Information shown section start
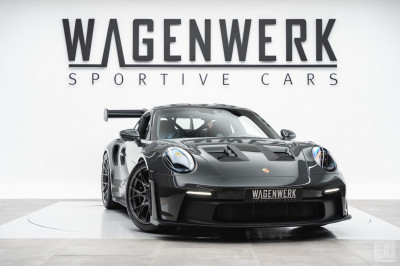 Porsche 911 Gebrauchtwagen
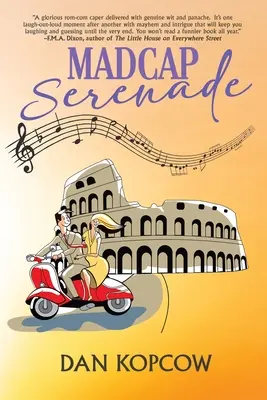 Serenata folle - Madcap Serenade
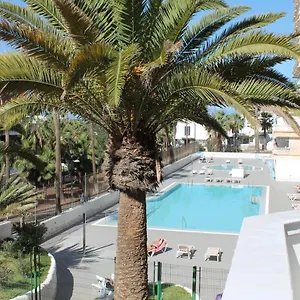  Appartamento Playa Honda La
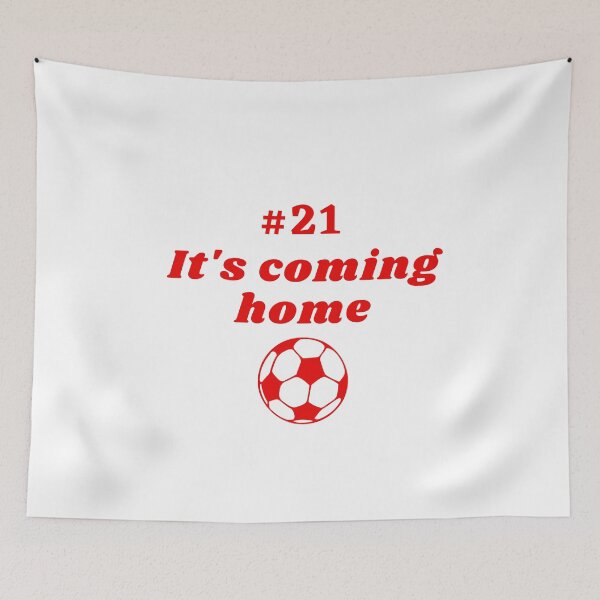 Item preview, Its coming home mufc designed and sold by Montero17.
Information shown section end
◆ Work instruction ◆
Pictures are to be dropped, and the remaining data set down exactly.

◆ Response for this exercise ◆
 Porsche 911 Gebrauchtwagen
 Serenata folle - Madcap Serenade
  Appartamento Playa Honda La
 Item preview, Its coming home mufc designed and sold by Montero17.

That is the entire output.